Importância da inclusão de animais nos planos de emergência

Matéria escrita por:

Vania de Fátima Plaza Nunes, Alexander Welker Biondo

2 de mar de 2019

Vista aérea de parte da área atingida pelos rejeitos provenientes do rompimento da barragem da Vale no Córrego do Feijão. Créditos: Vania de Fátima Plaza Nunes Vista aérea de parte da área atingida pelos rejeitos provenientes do rompimento da barragem da Vale no Córrego do Feijão. Créditos: Vania de Fátima Plaza Nunes

Introdução

A medicina veterinária de desastres e catástrofes carrega consigo novos e importantes desafios que exigem um envolvimento multidisciplinar do setor público e privado. Dentre as funções tradicionais de maior destaque, em protocolos consagrados em diferentes países, estão a necessidade de instaurar e manter planos de controle da salubridade alimentar e de prevenção das populações de pragas e vetores. Entretanto, é necessário que os animais das diferentes espécies e classificações sanitárias componentes da comunidade atingida sejam também resgatados, para que se realize a avaliação individual e a triagem, e possam receber tratamento ou eutanásia. Nesse caso, é necessária a implantação de medidas sanitárias e humanitárias relativas à destinação desses animais. Por outro lado, se após a triagem não forem detectados maiores problemas, eles deverão ser alojados temporariamente em estruturas de apoio previamente montadas, que tenham profissionais e condições para garantir o seu bem-estar enquanto estiverem abrigados 1.
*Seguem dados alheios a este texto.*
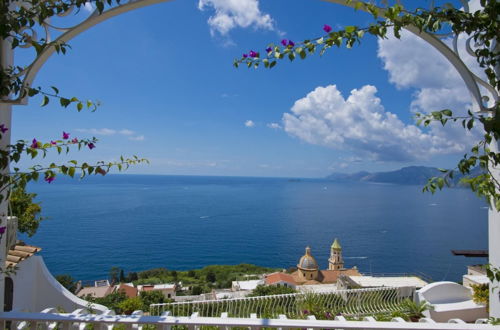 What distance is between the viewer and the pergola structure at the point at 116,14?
1.18 metres

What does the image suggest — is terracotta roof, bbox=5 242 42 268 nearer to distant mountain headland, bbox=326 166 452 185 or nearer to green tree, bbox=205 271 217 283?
green tree, bbox=205 271 217 283

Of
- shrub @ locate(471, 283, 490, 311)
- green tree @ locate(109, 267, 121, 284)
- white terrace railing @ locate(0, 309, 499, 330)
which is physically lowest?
green tree @ locate(109, 267, 121, 284)

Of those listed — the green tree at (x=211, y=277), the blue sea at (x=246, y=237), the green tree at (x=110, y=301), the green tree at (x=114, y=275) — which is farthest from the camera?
the blue sea at (x=246, y=237)

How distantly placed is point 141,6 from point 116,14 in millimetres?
106

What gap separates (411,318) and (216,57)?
8.59 m

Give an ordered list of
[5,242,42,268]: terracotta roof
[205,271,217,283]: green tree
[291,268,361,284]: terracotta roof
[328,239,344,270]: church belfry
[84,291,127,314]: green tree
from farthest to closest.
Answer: [328,239,344,270]: church belfry
[205,271,217,283]: green tree
[291,268,361,284]: terracotta roof
[84,291,127,314]: green tree
[5,242,42,268]: terracotta roof

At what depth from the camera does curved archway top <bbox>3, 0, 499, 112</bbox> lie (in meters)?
1.18

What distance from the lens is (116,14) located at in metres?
1.26

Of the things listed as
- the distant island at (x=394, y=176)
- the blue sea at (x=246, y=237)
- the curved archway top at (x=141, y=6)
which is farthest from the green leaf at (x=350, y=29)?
the distant island at (x=394, y=176)

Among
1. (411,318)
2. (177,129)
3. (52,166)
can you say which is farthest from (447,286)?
(177,129)

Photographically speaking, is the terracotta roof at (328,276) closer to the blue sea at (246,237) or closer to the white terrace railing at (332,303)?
the blue sea at (246,237)

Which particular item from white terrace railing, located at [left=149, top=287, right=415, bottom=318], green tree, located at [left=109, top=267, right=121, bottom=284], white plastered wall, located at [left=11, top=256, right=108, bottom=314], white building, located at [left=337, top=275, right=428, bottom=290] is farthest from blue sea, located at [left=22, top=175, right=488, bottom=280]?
white plastered wall, located at [left=11, top=256, right=108, bottom=314]

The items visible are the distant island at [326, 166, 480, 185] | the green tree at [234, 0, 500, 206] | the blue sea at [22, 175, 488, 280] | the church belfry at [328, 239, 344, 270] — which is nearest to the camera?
the green tree at [234, 0, 500, 206]

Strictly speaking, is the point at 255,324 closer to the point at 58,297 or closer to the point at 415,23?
the point at 415,23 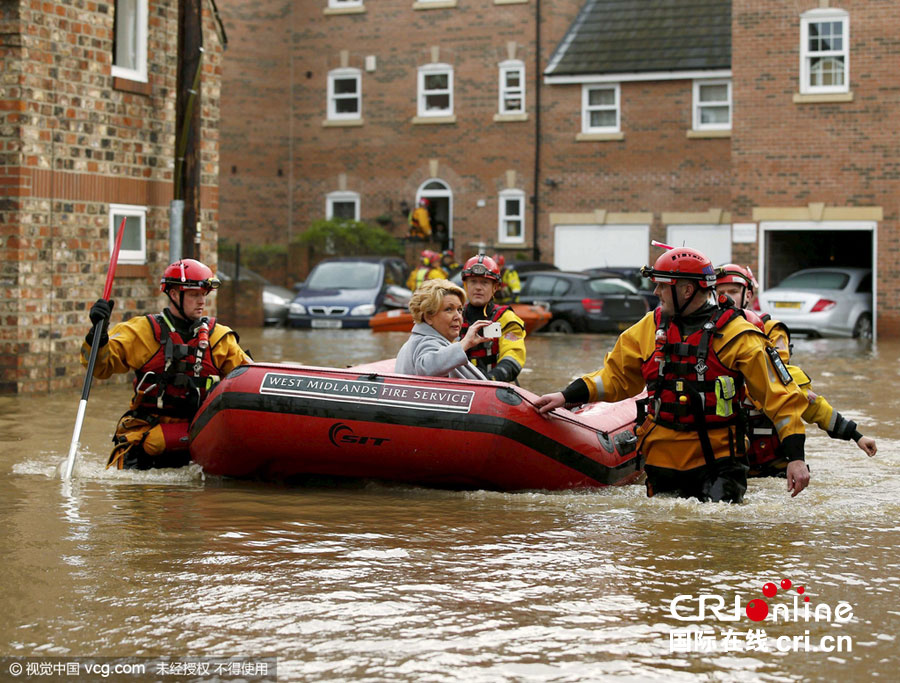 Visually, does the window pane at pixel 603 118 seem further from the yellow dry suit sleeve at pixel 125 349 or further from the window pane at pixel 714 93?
the yellow dry suit sleeve at pixel 125 349

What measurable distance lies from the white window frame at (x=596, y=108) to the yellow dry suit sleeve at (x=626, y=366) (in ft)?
85.9

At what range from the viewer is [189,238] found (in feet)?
55.0

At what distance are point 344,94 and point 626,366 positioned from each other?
29.9m

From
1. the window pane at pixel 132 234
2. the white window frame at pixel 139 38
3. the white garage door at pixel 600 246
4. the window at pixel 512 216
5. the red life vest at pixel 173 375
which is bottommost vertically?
the red life vest at pixel 173 375

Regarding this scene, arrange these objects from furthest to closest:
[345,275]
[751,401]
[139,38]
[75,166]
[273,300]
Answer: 1. [273,300]
2. [345,275]
3. [139,38]
4. [75,166]
5. [751,401]

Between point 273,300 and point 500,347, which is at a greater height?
point 273,300

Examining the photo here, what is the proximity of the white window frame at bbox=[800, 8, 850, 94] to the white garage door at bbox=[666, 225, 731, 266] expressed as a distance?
256 inches

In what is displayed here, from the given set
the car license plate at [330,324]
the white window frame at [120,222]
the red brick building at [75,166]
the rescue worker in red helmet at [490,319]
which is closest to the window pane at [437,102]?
the car license plate at [330,324]

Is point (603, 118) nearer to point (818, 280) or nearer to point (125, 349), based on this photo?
point (818, 280)

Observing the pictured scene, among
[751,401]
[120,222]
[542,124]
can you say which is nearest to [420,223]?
[542,124]

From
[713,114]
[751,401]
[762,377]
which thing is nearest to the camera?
[762,377]

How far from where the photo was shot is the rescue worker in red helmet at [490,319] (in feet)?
32.2

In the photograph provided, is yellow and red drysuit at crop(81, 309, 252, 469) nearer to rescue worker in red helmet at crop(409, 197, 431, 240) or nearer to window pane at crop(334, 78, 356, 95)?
rescue worker in red helmet at crop(409, 197, 431, 240)

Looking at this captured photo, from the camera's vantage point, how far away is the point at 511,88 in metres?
34.3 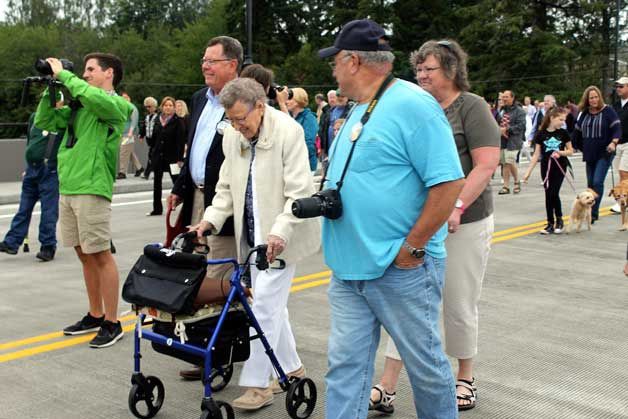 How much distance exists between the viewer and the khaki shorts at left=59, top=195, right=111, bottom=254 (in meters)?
5.56

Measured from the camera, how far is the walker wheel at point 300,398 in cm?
431

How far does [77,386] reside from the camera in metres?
4.96

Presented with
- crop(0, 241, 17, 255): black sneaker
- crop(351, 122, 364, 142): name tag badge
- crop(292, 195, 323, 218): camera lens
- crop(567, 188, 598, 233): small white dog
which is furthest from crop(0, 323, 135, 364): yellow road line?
crop(567, 188, 598, 233): small white dog

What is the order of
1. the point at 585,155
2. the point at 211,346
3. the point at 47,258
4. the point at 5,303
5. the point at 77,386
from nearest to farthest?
the point at 211,346
the point at 77,386
the point at 5,303
the point at 47,258
the point at 585,155

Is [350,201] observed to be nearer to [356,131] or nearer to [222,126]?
[356,131]

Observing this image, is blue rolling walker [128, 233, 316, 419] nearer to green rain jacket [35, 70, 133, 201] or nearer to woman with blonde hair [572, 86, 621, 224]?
green rain jacket [35, 70, 133, 201]

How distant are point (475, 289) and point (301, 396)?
1.07 m

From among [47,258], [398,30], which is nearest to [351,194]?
[47,258]

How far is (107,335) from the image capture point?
5723mm

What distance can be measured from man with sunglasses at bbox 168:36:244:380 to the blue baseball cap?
5.06 ft

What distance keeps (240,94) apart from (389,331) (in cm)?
149

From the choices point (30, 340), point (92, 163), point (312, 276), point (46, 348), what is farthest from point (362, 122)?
point (312, 276)

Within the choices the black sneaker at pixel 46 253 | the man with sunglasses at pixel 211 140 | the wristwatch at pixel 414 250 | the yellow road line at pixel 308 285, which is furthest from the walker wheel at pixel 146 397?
the black sneaker at pixel 46 253

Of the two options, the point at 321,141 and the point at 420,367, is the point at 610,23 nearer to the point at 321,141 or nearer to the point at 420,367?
the point at 321,141
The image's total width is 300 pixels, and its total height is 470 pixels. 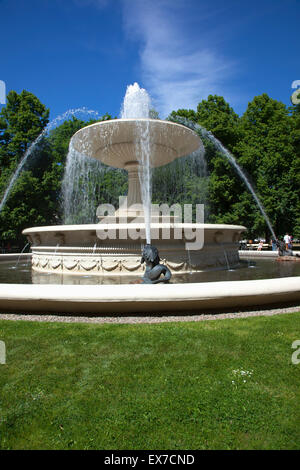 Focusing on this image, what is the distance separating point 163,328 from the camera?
4176 millimetres

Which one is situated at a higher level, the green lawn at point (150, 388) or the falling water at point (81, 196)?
the falling water at point (81, 196)

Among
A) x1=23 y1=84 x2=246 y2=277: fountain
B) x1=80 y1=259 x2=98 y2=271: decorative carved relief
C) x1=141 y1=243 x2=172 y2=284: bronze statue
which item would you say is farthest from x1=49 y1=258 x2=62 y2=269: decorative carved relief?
x1=141 y1=243 x2=172 y2=284: bronze statue

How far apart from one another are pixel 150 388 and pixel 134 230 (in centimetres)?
542

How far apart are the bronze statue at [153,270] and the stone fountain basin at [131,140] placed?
5.42 m

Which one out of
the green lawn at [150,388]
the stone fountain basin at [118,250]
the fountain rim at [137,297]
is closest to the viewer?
the green lawn at [150,388]

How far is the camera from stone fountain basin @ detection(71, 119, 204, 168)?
10.2 metres

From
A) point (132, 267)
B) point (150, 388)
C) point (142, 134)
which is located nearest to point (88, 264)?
point (132, 267)

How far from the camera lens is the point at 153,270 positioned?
600cm

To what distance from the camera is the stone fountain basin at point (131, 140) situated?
33.6ft

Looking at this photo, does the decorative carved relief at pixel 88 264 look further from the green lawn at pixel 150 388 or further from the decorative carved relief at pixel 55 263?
the green lawn at pixel 150 388

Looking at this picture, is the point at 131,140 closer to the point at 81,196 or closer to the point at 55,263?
the point at 55,263

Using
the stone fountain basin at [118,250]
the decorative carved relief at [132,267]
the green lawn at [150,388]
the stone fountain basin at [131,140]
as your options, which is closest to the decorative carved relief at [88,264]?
the stone fountain basin at [118,250]

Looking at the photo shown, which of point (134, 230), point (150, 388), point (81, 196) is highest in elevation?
point (81, 196)

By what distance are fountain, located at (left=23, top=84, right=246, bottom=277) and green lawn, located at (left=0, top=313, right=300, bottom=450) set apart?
13.5 ft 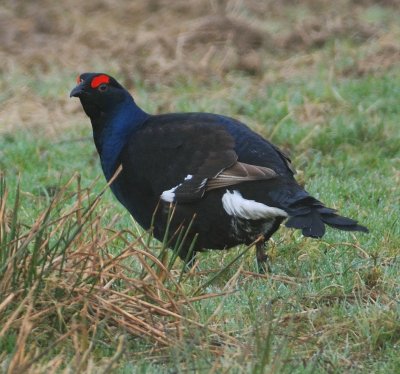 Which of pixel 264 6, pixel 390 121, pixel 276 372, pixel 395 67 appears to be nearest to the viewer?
pixel 276 372

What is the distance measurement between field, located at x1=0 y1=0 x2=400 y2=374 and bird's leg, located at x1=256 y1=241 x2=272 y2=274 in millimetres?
79

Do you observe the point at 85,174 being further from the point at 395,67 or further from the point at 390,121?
the point at 395,67

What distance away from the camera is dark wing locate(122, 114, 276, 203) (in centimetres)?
556

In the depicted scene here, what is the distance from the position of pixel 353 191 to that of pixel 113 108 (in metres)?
1.89

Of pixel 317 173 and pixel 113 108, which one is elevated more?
pixel 113 108

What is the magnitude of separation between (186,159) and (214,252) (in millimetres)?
739

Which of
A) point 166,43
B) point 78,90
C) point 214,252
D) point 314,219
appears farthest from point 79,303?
point 166,43

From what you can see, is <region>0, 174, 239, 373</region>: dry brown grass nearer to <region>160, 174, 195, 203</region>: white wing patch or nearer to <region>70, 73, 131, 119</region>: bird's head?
<region>160, 174, 195, 203</region>: white wing patch

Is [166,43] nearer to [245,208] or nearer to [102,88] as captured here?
[102,88]

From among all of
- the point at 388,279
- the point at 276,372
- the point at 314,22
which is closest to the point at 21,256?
the point at 276,372

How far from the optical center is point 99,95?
6301 mm

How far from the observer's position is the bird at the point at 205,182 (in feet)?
18.0

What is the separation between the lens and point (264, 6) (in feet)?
41.6

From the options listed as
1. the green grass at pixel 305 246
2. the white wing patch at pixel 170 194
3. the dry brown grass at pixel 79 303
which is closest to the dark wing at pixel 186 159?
the white wing patch at pixel 170 194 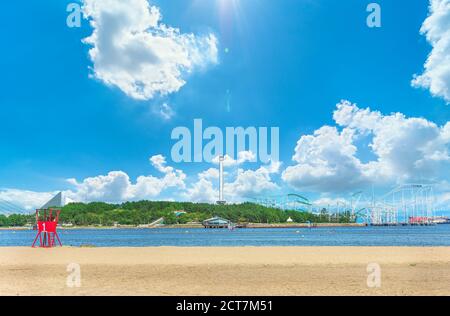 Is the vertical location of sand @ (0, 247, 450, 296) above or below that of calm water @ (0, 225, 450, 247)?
above

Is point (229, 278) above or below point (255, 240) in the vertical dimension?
above

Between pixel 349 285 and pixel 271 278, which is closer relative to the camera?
pixel 349 285

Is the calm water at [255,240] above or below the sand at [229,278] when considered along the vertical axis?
below

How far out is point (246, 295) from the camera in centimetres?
1577

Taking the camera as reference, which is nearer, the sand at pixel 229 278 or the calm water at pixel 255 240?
the sand at pixel 229 278

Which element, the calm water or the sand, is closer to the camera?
the sand

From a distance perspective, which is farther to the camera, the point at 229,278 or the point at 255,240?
the point at 255,240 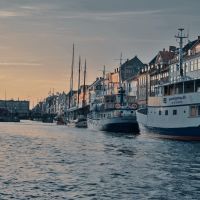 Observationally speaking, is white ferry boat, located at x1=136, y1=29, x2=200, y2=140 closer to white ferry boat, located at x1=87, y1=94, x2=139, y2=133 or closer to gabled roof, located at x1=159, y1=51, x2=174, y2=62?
white ferry boat, located at x1=87, y1=94, x2=139, y2=133

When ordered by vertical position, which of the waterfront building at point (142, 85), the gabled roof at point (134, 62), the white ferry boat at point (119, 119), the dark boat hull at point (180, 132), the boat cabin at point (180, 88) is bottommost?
the dark boat hull at point (180, 132)

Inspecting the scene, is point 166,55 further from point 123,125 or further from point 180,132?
point 180,132

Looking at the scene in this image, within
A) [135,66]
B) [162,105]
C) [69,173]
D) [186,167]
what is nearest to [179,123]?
[162,105]

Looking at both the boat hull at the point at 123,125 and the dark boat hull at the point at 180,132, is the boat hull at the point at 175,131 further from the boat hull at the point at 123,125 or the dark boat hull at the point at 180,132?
the boat hull at the point at 123,125

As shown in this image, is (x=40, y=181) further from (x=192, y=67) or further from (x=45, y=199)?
(x=192, y=67)

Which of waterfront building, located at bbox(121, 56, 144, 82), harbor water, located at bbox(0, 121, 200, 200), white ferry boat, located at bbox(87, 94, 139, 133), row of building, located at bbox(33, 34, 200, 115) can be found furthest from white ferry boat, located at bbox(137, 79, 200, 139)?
waterfront building, located at bbox(121, 56, 144, 82)

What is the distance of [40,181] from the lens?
24.5 meters

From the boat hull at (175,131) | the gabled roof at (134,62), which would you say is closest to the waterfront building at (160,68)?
the gabled roof at (134,62)

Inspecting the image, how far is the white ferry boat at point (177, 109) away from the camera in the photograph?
174 feet

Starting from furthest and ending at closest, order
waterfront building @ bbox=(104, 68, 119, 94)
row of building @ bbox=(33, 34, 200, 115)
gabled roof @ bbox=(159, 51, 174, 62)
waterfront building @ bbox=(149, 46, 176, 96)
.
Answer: waterfront building @ bbox=(104, 68, 119, 94), gabled roof @ bbox=(159, 51, 174, 62), waterfront building @ bbox=(149, 46, 176, 96), row of building @ bbox=(33, 34, 200, 115)

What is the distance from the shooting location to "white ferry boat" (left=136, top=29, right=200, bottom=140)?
53.2m

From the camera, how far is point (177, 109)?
183ft

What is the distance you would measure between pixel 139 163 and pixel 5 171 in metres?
8.68

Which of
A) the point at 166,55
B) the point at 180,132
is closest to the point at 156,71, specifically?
the point at 166,55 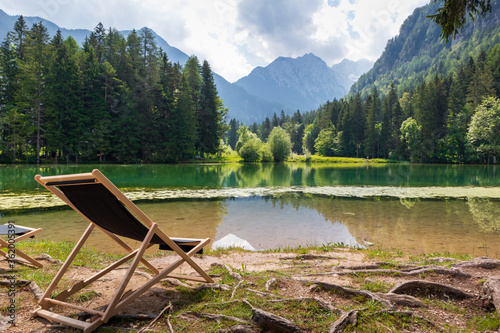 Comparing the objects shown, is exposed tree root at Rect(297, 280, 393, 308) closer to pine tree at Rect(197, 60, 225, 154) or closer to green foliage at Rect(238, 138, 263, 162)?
pine tree at Rect(197, 60, 225, 154)

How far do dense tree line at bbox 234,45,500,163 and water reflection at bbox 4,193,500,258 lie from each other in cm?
4720

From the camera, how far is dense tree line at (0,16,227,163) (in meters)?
38.3

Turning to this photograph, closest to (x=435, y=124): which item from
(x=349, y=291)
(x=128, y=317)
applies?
(x=349, y=291)

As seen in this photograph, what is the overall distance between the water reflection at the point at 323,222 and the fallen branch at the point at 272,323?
4.92 m

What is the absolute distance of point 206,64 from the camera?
59844 millimetres

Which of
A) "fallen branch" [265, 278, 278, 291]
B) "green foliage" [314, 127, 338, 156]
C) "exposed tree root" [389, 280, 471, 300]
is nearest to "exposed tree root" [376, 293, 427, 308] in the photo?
"exposed tree root" [389, 280, 471, 300]

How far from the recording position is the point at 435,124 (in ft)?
201

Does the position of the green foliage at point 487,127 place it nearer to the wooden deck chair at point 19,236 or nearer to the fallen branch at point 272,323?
the fallen branch at point 272,323

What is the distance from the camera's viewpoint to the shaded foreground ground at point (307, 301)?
2.66m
Segundo dissertação defendida na Faculdade de Medicina Veterinária da Universidade de Lisboa em 2016, os desastres podem acometer vários ecossistemas, provocando distúrbios na fauna e na flora, e atingem populações que, pela própria definição de desastre, não são capazes de responder de forma adequada 1. Quando os desastres acontecem, há mobilização de equipes para procurar restabelecer condições minimamente aceitáveis de sobrevivência. No entanto, os animais não humanos acabam ficando fora desses planos e ações, deixando a cargo das Organizações Não Governamentais (ONGs) e de voluntários o ônus de suprir as lacunas deixadas. Isso ocorre pelo despreparo tanto dos serviços estatais (nos casos de desastres naturais) como das empresas responsáveis (nos casos de desastres que poderiam ter sido evitados).

O estudo português ainda revela que o Plano Municipal de Emergência de Proteção Civil de Lisboa não chegou a incluir os animais de companhia na sua estrutura – o que foi proposto pela dissertação defendida na Universidade de Lisboa.

 

Desastres naturais e não naturais

Nos anos 1980, foram elaborados estudos considerando o tipo e a duração dos desastres, o grau de impacto na vida humana, o potencial de ocorrência e a capacidade de controle numa próxima ocorrência. Uma nova classificação tipificou os desastres a partir de: agente causal, duração, extensão, número de vítimas, tempo decorrido até início dos tratamentos primários pelas organizações de resgate, organização dos transportes e da evacuação de feridos, e gravidade das enfermidades. Estas últimas ainda se dividiam em lesões mecânicas, de radiação, choque emocional e outras doenças 1.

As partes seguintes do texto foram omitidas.